/---
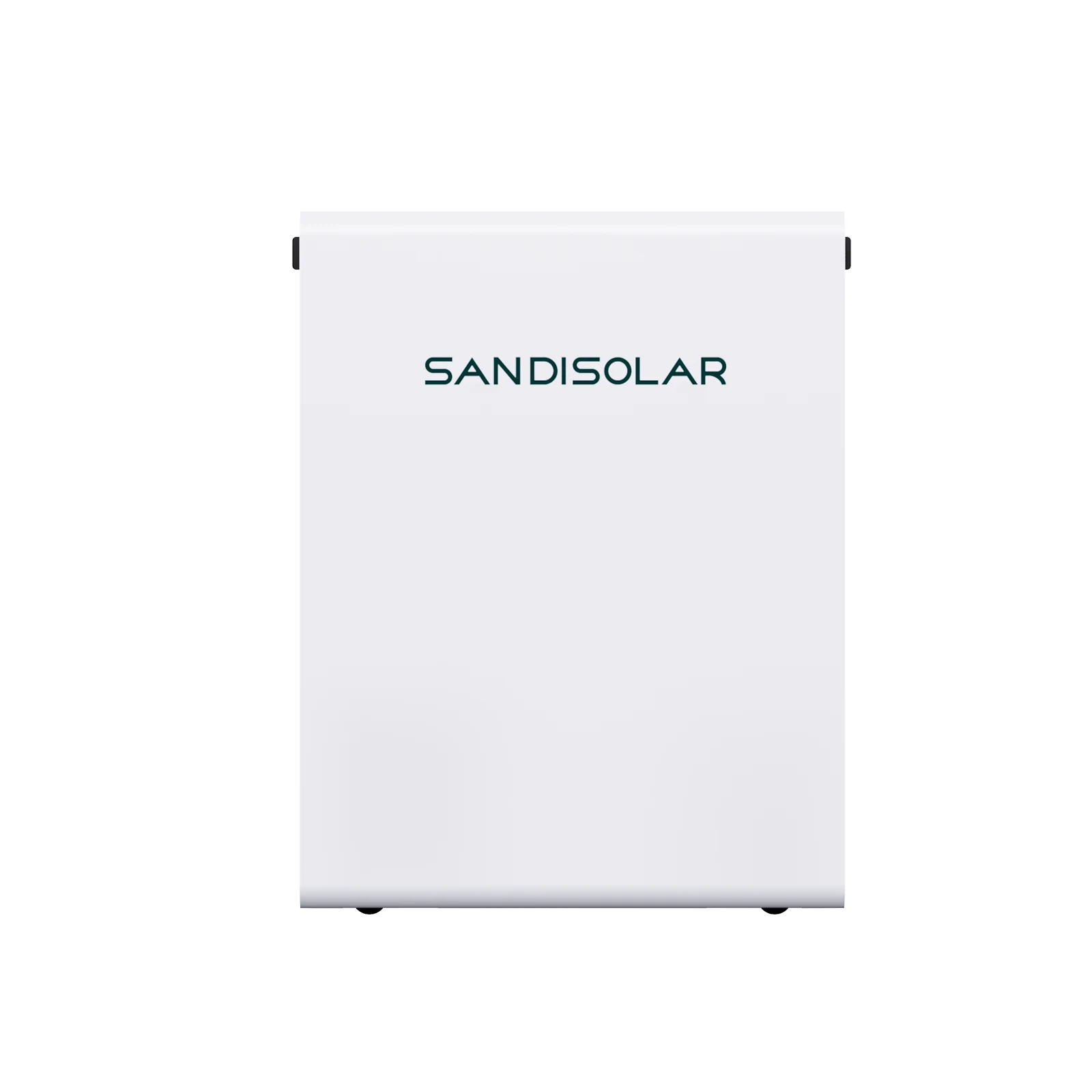 SANDISOLAR 48V 51.2V 300Ah LiFePO4 Batteriepack 15KWh Lithium-Solarbatterie 6000+ Zyklen Smart BMS Heimspeichersystem Off-Grid-Wechselrichter für Deye Growatt Victron Must Luxpower Epever Voltronic
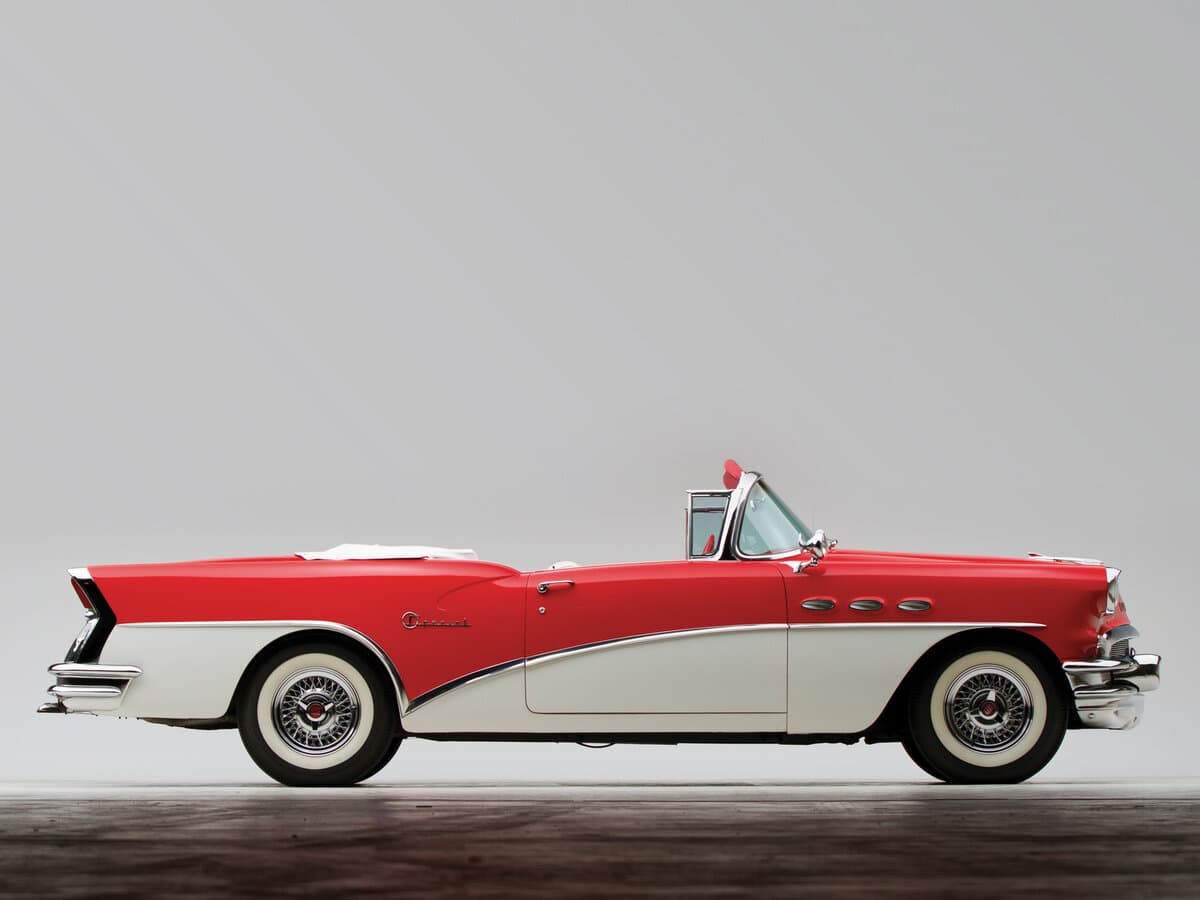 Buick Special II Restayling 2 — Yandan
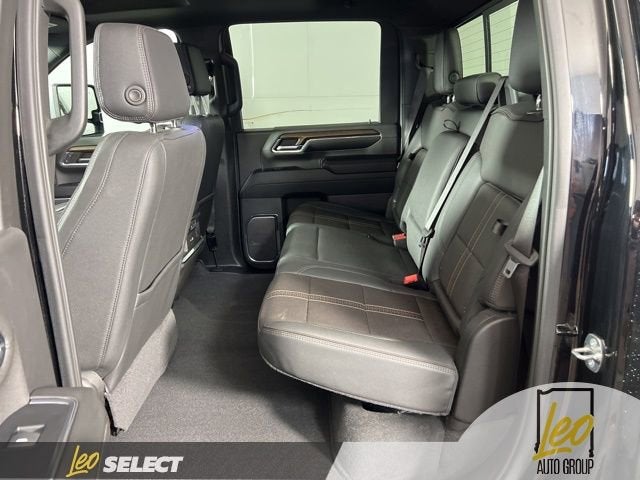 2024 Chevrolet Silverado 3500 HD High Country DRW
\---
(Problem to work on)
Copy the data word for word and omit every picture.

(Solution below)
 SANDISOLAR 48V 51.2V 300Ah LiFePO4 Batteriepack 15KWh Lithium-Solarbatterie 6000+ Zyklen Smart BMS Heimspeichersystem Off-Grid-Wechselrichter für Deye Growatt Victron Must Luxpower Epever Voltronic
 Buick Special II Restayling 2 — Yandan
 2024 Chevrolet Silverado 3500 HD High Country DRW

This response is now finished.